Museum anti kolonialisme pertama dibuka di Rangkasbitung

Setelah menjadi wacana selama dua tahun, Museum Multatuli yang digadang-gadang jadi museum pertama anti kolonialisme pertama, resmi dibuka.

Museum Multatuli yang resmi dibuka pada Minggu (11/2)/ Purnama Ayu Rizky/ Alinea

Ada pemandangan tak biasa di bekas kediaman Asisten Wedana Lebak, Eduard Douwes Deker atau Multatuli, Minggu (11/2). Tak kurang 250 orang yang terdiri atas mahasiswa, warga Banten, dan sejumlah tokoh termasuk Cak Imin dan sejarawan Bonnie Triyana memadati bangunan yang berdiri di seberang Alun-Alun Rangkasbitung ini. Hari itu, Bupati Lebak Iti Octavia Jayabaya bersama Dirjen Kebudayaan Kemdikbud Hilmar Farid resmi membuka Museum Multatuli di bekas rumah Douwes Dekker tersebut.

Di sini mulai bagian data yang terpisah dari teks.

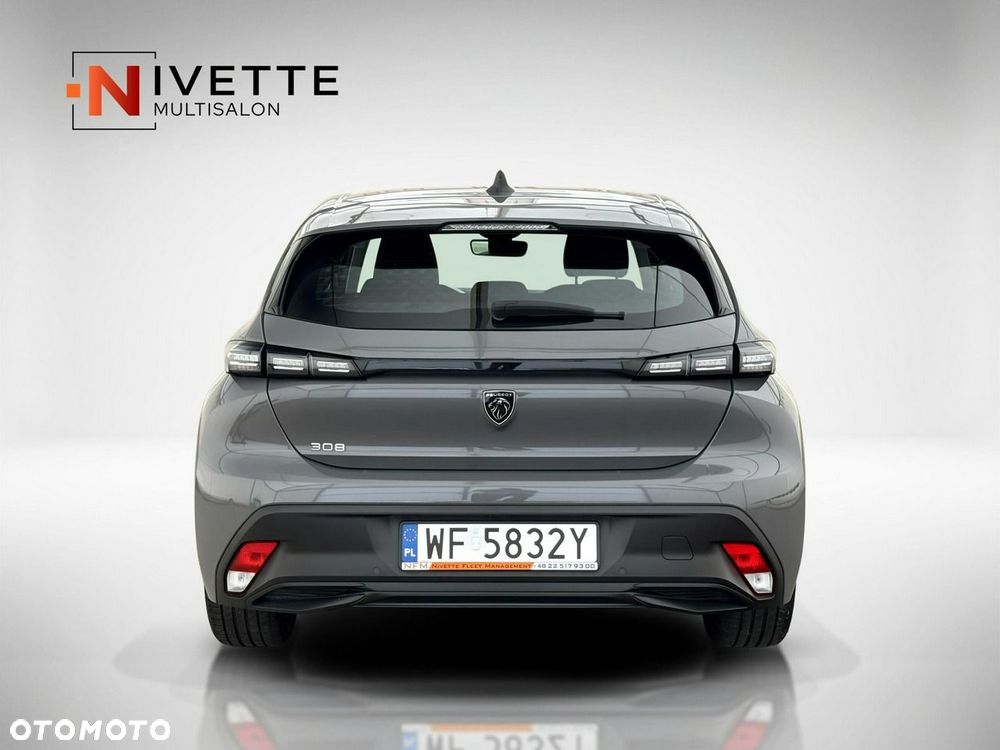 Peugeot 308 - 10
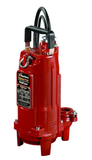 Liberty Part #XFL72M-5, 3/4HP, 208-230V, 3 Phase, Manual, Explosion Proof Effluent Pump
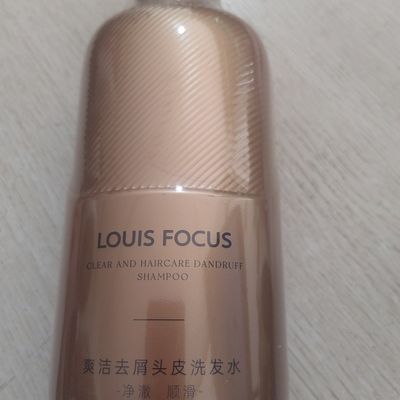 rpo正品升级款LOUIS FOCUS爽洁去屑头皮洗发水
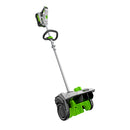 EGO Power+ SNS1201 Dedicated 12" Snow Shovel with 2.5Ah Battery and Charger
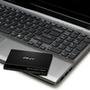 SSD PNY CS900 SATA, 240GB, 2.5", Leitura: 535MB/s e Gravação: 500MB/s, Preto - SSD7CS900-240-RB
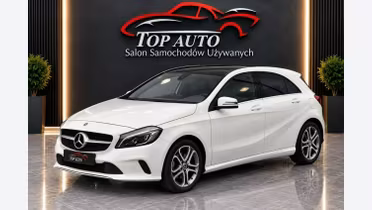 MERCEDES-BENZ A Klasa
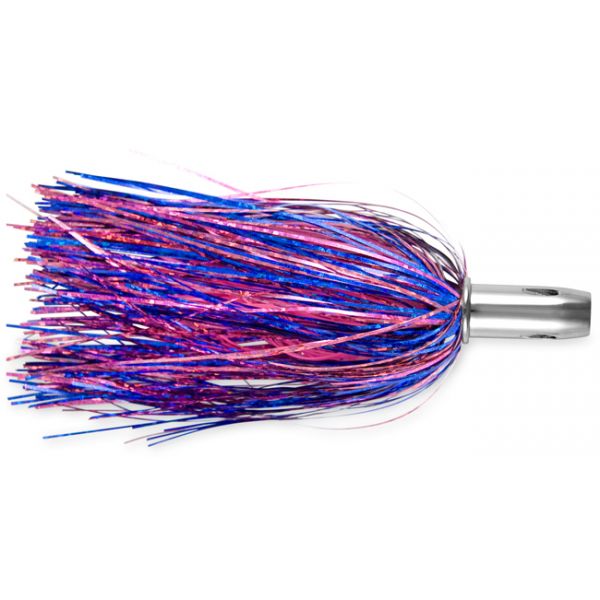 C&H Billy Baits Master Hooker Lure - Blue/Fuchsia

Sejumlah tokoh hadir dalam peresmian Museum Multatuli, termasuk Cak Imin dan Bonnie Triyana/ Alinea

Pembukaan museum ini melalui proses persiapan panjang. Sejak 2014, ihtiar pengumpulan artefak dan riset sejarah telah dilakukan. Bonnie Triyana, salah satu konseptor Museum Multatuli mengatakan, korespondensi dengan Perhimpunan Multatuli (Multatuli Genootschap) di Belanda intens dilakukan. Tujuannya untuk menduplikasi sejumlah dokumen terkait Douwes Dekker, termasuk surat-menyuratnya dengan Pemerintah Hindia Belanda, novel ‘Max Havelaar’ edisi pertama, dan foto-foto pendukung.

Selain itu, museum yang memiliki tujuh ruangan ini juga dilengkapi dengan koleksi tegel rumah asli Douwes Dekker yang didatangkan langsung dari Belanda. Ada dua tegel yang diselamatkan turis Belanda pada 1980-an dan diserahkan pada Perhimpunan Multatuli di Belanda. Indonesia memperoleh tegel berwarna putih, sedang tegel hitam tetap disimpan di negara kincir angin.